Besides the WWDC furore about Tiger, there wasn't much real news. Of course there are a few interesting tidbits like organizations recommending alternative browsers, the iMac not being obsoleted this month and the Sony/LIBRIe being a piece of DRM-ridden junk. Sony, in particular, seems to be taking a bashing for sticking to its own proprietary formats and (most importantly) not looking outside Japan for ideas (i.e., they try to sell to the world what they think the Japanese customer likes, and it's started backfiring on them).
I also had quite a bit of fun with Russell's Qualcomm piece - it's true they are making a lot of 3G chipsets, but I wouldn't rely on them being the main manufacturer next year - in an expanding market, it's just a matter of time before competition catches up with them.

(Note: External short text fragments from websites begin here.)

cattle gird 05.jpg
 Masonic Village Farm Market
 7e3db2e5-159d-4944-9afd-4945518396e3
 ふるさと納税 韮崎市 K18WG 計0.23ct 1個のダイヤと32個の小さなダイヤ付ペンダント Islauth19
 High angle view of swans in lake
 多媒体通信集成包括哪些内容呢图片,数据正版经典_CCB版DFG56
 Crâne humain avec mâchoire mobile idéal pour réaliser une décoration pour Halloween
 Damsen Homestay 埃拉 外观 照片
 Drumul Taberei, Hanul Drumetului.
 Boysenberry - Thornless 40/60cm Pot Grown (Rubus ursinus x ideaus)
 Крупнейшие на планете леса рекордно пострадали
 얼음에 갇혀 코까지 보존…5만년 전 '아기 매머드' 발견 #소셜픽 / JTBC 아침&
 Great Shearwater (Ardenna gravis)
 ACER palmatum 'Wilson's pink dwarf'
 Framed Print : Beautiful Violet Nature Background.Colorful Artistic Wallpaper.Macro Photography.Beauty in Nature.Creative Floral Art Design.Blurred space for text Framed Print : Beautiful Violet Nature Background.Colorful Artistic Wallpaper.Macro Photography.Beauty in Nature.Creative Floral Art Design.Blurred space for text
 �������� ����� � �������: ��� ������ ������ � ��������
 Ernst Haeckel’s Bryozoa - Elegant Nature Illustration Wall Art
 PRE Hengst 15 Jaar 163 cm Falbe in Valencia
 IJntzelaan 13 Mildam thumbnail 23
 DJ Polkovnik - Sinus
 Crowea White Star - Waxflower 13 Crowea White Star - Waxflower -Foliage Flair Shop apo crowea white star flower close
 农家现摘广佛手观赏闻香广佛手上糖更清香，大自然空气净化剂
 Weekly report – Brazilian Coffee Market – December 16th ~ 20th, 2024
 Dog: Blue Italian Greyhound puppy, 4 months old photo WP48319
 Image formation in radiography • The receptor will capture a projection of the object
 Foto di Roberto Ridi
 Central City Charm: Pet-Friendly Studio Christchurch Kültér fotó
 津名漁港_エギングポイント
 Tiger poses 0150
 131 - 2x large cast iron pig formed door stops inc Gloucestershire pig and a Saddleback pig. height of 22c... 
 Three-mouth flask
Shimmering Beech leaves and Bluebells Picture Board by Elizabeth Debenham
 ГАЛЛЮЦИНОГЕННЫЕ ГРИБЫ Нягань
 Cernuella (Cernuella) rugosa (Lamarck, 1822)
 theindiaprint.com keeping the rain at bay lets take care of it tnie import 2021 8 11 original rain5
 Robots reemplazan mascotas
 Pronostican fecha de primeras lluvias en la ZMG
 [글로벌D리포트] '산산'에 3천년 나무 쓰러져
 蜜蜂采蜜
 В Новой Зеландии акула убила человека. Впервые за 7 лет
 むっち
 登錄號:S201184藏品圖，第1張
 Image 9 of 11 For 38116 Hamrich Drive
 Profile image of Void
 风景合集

While we're on the performance topic, the Blackberry is a definite success story. Three years ago they found a niche, and now it's all the rage. And despite the very public death of corporate IM, it's an integral part of one of the few interesting IM solutions out there.
As a last serious note, take a look at Vodafone Inside:Out, which just got off the ground - a nice way to show the world that there are real people making the company tick. If you want to help me make it to the top, vote for my "Inside Out" picture in the Top 10 - one vote per person, please.
I was hard pressed for selecting a single moment of Zen today, so here are the three strangest things I came across:
- Laptops gettting WiMax in 2006. The very notion is extremely strange, considering the power ratings alone.
- Java 5.0 (Erik hit the nail on the head, as far as I'm concerned)
- The phone as a Tri-Corder (but we still can't get off the planet).